START RAW DATA
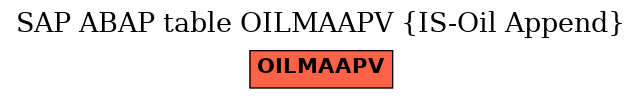 E-R Diagram for table OILMAAPV (IS-Oil Append)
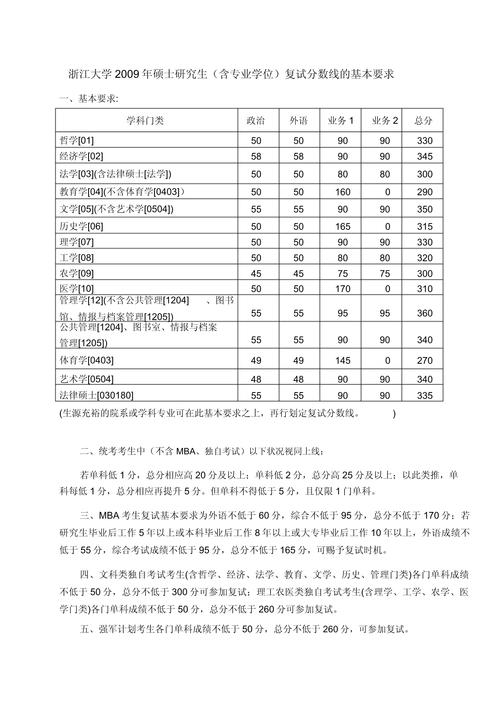 分数历年浙江线大学排名_浙大历年录取分数线浙江_浙江大学历年分数线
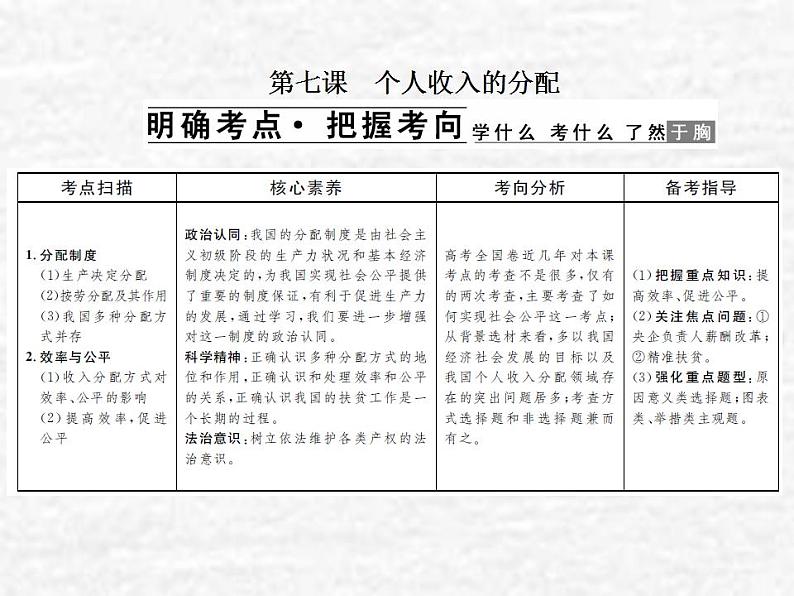 高中政治一轮复习第三单元收入与分配7个人收入的分配课件新人教版必修1第2页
END RAW DATA
# YOUR ASSIGNMENT:
From the line containing "分数历年浙江线大学排名_浙大历年录取分数线浙江_浙江大学历年分数线" to the end of the listing, restate each line word for word and nothing more; the pictures stay out.

# COMPLETED EXERCISE:
 分数历年浙江线大学排名_浙大历年录取分数线浙江_浙江大学历年分数线
 高中政治一轮复习第三单元收入与分配7个人收入的分配课件新人教版必修1第2页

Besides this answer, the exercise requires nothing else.